Book Review: “Mecca” — A Wonder of an American Canvas
By Drew Hart
This is an immensely complex, deeply atmospheric story of the working class, of immigrants with global origins, many who are descendants of early settlers.
Mecca by Susan Straight. Farrar, Straus and Giroux, 370 pp.
In days of yore, Hank Grant, the longtime broadcaster for KNX radio, the CBS affiliate in LA, used to begin every report with “From Point Conception… to the Mexican border!” But this only takes in the coast of Southern California, which meanwhile runs far inland, through the industrial and agricultural plain of the Inland Empire, to the Sonoran and Mojave deserts, and includes worlds of people rarely seen in the popular mythology of the region. Susan Straight’s novel Mecca takes us there, and within it, few “real housewives,” surfer brahs, or show folk turn up. This is a land of the working class, of immigrants with global origins, many who are descendants of early settlers — and this is its story — immensely complex, deeply atmospheric.
Opening chapters are devoted to a portrait of a CHP motorcycle cop, one Johnny Frias. His patrol ranges across the freeways of Orange and Riverside counties, home to the Santa Ana winds and the “almost-stopped traffic… some of the worst congestion in America.” In his path are oodles of agitated and crazy drivers, many showing awful racist colors; Johnny’s Mexican heritage, even while he was born where he is now, subjects him to that. But he rolls on, living with his widower father on an old and hidden cattle and horse ranch in one of the canyons — one of the wild ones left that “nobody could level,” that always burn and flood.

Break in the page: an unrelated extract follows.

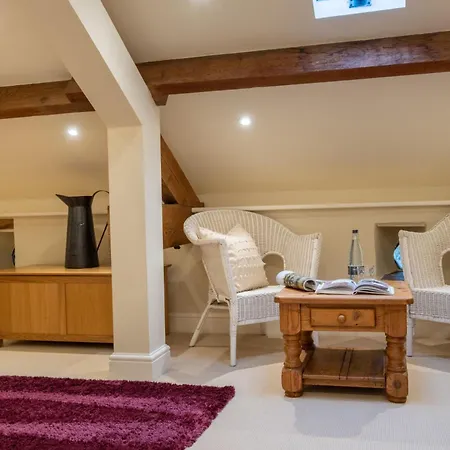 Casa vacanze Rose Barn Hawkshead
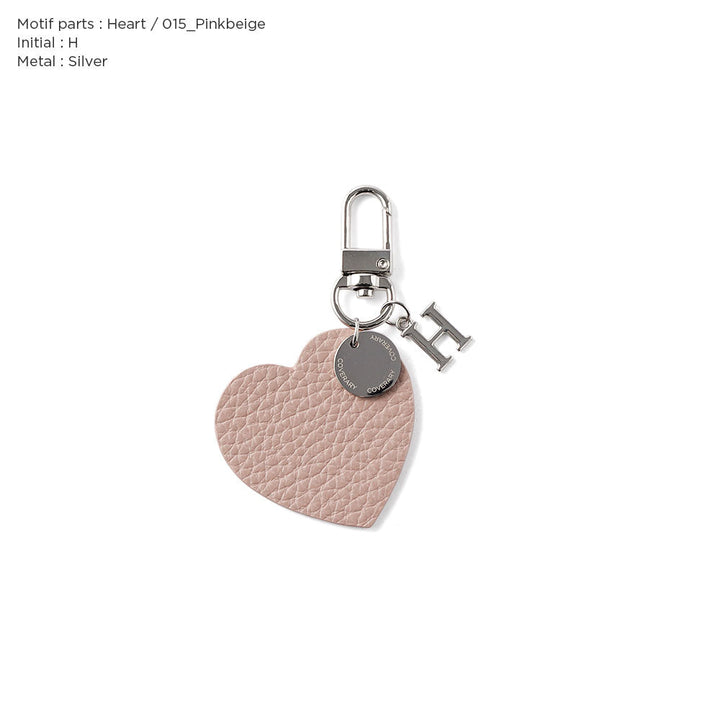 Cuir véritable 32 couleurs cuir italien grainé avec bandoulière breloque initiale motif coque arrière série Google Pixel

“And then, the bones” … Johnny’s forty and it’s 2020, but he remains haunted by an incident from twenty years before, when he shot a man dead, interrupting a canyon rape scene, and burying him; he still dreads rains that might uncover the skeleton. The rapist’s victim ran away, leaving a wallet behind; Frias has feared she could turn him in for the murder, and uses it to track her down to an estate in Hollywood. For years the trail has remained cold. Meanwhile, he’s spending his life with longtime friends that attended police academy with him (only Frias graduated), with their wives, girlfriends, and their sons. Many of these have their own stories woven into Mecca; they are butchers, florists, animal control officers, citrus packing house employees, and nurses. (To be truly up to date, perhaps there should be one slaving away in an Amazon distribution center?) At one point, they band together to protect Johnny’s ranch from a fire started by a spark from a truck’s loose fender; fortunately the wind blows the blaze the other way, but not before a massive firefighting effort, with planes dropping retardant. Another episode puts him on his friends’ bad side, since he’s in law enforcement — a nurse’s son is killed in an accidental nighttime shooting, when a rookie cop mistakes a cellphone for a gun. The boy’s father, a black man from Louisiana, attacks Frias at a wake.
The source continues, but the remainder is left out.